Now, Holland is back in his third solo film, the highly anticipated Spider-Man: No Way Home — alongside costars Benedict Cumberbatch, Jamie Foxx and his real-life girlfriend, Zendaya — and this time, it’s Spidey’s life that is turned upside down as the high schooler deals with the fallout after a villain reveals his secret identity.
The 25-year-old talks about what audiences can expect from his latest blockbuster, the challenges of shooting its intense action scenes and how he’s put his personal stamp on the teen superhero.
Can you give us a sneak peek of the new film?
This movie exceeds expectations in every way possible. This is the most cinematic and theatrical movie we’ve ever done. When they first pitched it to me, I was like, “There’s no way you’re going to be able to get that done.” And they did — and they did an amazing job.
How tough was it shooting the fight scenes?
There’s one where you’re going to see a style of fighting that you’ve never seen in a Spider-Man movie before. I reckon it’s a 35-beat fight scene between myself and one of the villains. We shot it over and over again over three or four days, and I remember my knuckles were all bloody and I was knackered.
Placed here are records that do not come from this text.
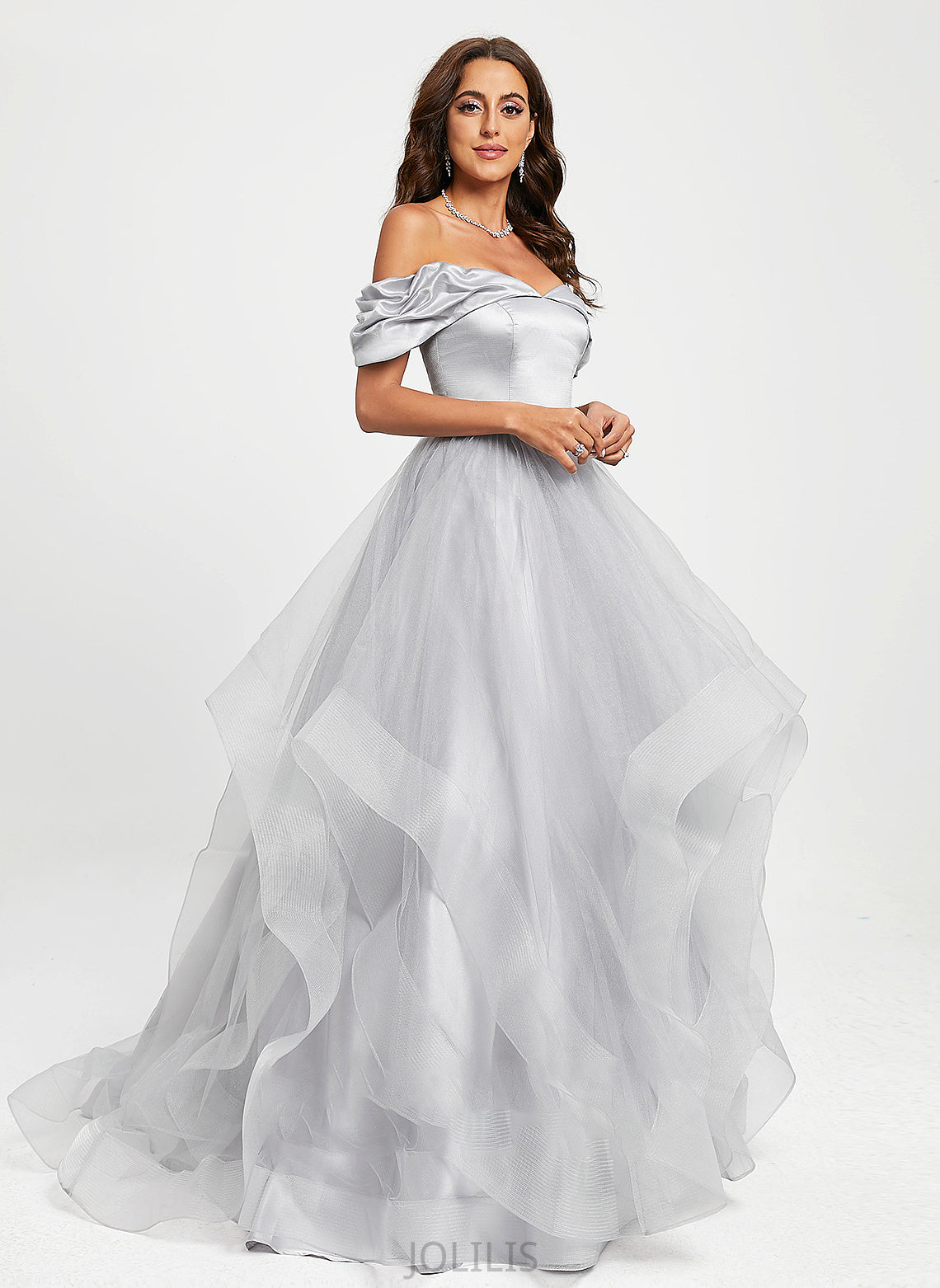 Prom Dresses Sweep Destiny Ball-Gown/Princess Tulle Off-the-Shoulder Train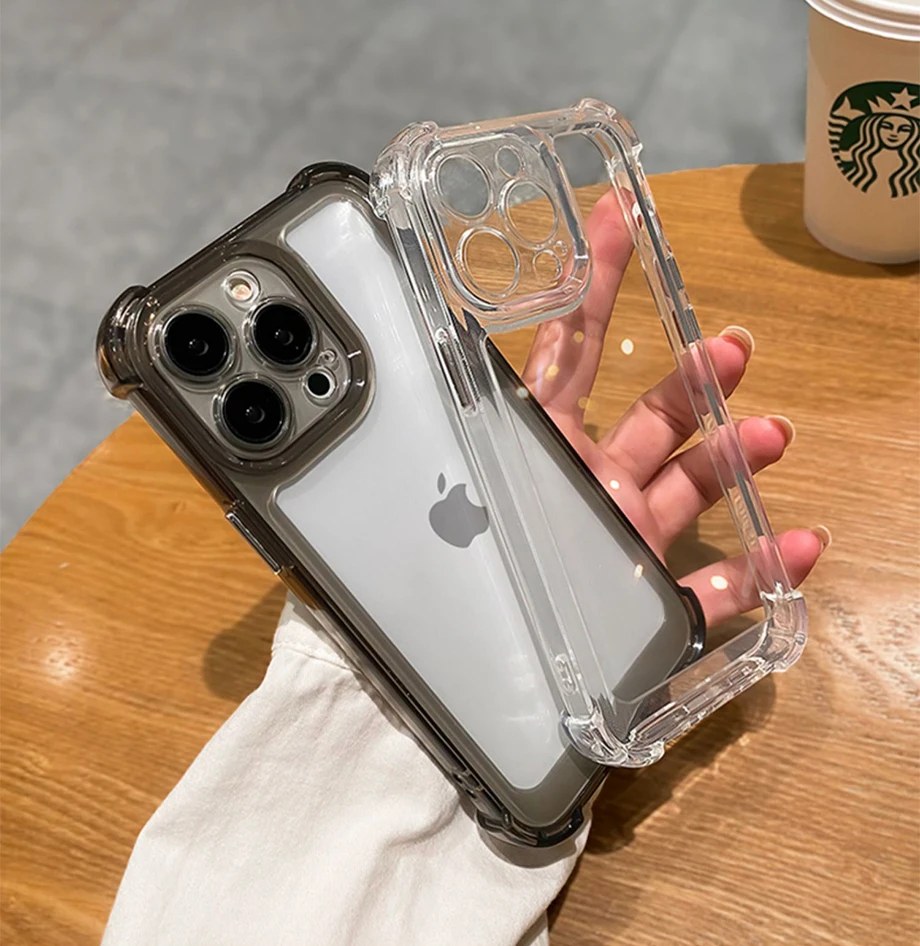 Роскошный противоударный прозрачный жесткий акриловый чехол для iPhone 14 13 12 11 Pro Max X XR XS 7 8 Plus, мягкий силиконовый бампер, прозрачный чехол (art.: 3920befe312ff) - 3920befe312ff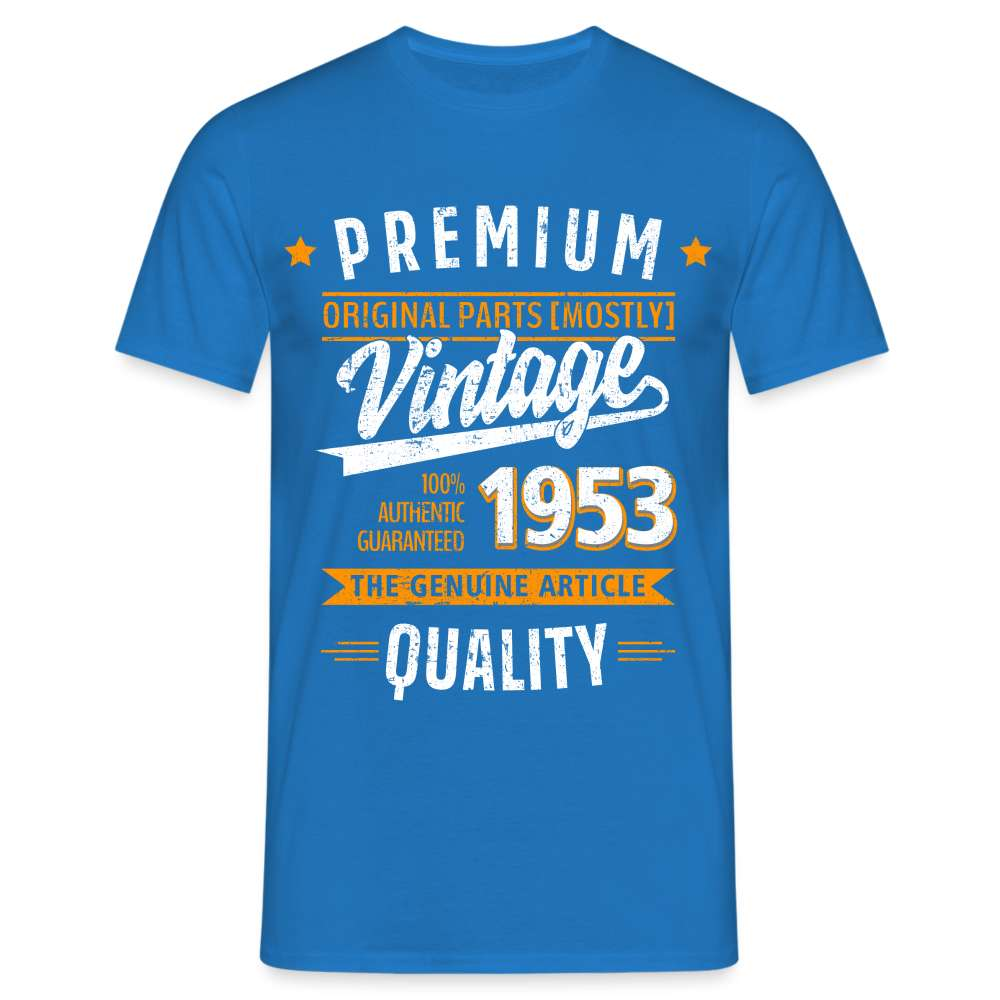 70. Geburtstag - Vintage - Original Parts - Geboren 1953 - Geschenk T-Shirt - Royalblau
In all fairness, it was awful. But in the film, it’s so spectacular.
What do you love most about the character?
Peter Parker. He’s Spider-Man’s biggest superpower, and that’s because of his humility. What sets him apart from the rest is that he’s unable to not do the right thing. As an actor, bringing that to life has been so fun because it’s sometimes incredibly frustrating. [I’ll] read these scripts, and I just want Peter Parker to be selfish, just one time. Because he always puts everybody else first and therefore kind of s**ts on himself.
Now that Spider-Man is finally revealed to be Peter Parker, how did you get into his mindset?
I always feel like Peter Parker has some sort of parallel with my life. This film kind of explores the adverse effects of fame and what can happen to someone, especially at a young age, and how it can affect you for better or for worse. It’s no secret that when this happens to you, your life changes, and there are certain things that you can’t do anymore. I’ve had a wonderful experience and feel very looked after by the fans. But there are people out there who haven’t had the same experience, and Peter Parker, unfortunately, is going through that.
Looking back over all the SpiderMan movies, what do you think you’ve imprinted on the role?
I think my biggest thing when coming into this world was to lean into the idea that this is a 15-year-old superhero. I wanted to really, really hone in on his youthfulness. There’s lots of stuff that you’ll see throughout my films where Peter Parker does everyday things, but in a way that a teenage Spider-Man would do them, like watching TV and the remote was too far away, and you’d web the remote and fling it back. Making Peter Parker authentic and a real teenager, a real high schooler, was really important.
What do you hope to teach young Marvel fans with your portrayal of Spider-Man?
Wow, that’s a huge question. Well, with my three movies, it’s that with great power comes great responsibility. The world is changing. Everyone has a voice, and we have a responsibility to do the right thing and help out our neighbor and look after one another — and that’s exactly what Spider-Man stands for.